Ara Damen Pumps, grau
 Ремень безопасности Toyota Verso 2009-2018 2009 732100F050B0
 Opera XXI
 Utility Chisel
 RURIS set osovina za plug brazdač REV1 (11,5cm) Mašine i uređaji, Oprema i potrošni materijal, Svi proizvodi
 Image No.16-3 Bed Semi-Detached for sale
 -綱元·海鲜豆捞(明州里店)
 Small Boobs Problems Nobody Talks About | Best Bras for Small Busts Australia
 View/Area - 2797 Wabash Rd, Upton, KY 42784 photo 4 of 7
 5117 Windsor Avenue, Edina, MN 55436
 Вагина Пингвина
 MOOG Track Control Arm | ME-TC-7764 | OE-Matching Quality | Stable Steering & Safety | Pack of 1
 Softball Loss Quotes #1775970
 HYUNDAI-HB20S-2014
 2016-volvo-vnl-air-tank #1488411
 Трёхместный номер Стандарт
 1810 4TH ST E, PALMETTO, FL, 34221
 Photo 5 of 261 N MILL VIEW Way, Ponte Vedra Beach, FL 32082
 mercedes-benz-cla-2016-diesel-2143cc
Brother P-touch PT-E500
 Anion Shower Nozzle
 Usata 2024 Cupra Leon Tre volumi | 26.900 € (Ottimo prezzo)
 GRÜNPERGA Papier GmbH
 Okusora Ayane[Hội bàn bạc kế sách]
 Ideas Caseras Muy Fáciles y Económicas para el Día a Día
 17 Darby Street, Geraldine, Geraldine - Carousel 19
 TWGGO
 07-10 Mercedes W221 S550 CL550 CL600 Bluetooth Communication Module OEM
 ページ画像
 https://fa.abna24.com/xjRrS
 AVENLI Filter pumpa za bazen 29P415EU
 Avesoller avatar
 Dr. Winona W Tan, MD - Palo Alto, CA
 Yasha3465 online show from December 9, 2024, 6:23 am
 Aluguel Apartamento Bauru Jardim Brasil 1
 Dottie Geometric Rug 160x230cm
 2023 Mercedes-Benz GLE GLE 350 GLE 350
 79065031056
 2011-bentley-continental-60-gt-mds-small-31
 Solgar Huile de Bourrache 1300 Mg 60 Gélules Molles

About this exercise
For this exercise, reproduce exactly each line from the one containing "Avesoller avatar" through the last line of the data, and no others.

Finished exercise
 Avesoller avatar
 Dr. Winona W Tan, MD - Palo Alto, CA
 Yasha3465 online show from December 9, 2024, 6:23 am
 Aluguel Apartamento Bauru Jardim Brasil 1
 Dottie Geometric Rug 160x230cm
 2023 Mercedes-Benz GLE GLE 350 GLE 350
 79065031056
 2011-bentley-continental-60-gt-mds-small-31
 Solgar Huile de Bourrache 1300 Mg 60 Gélules Molles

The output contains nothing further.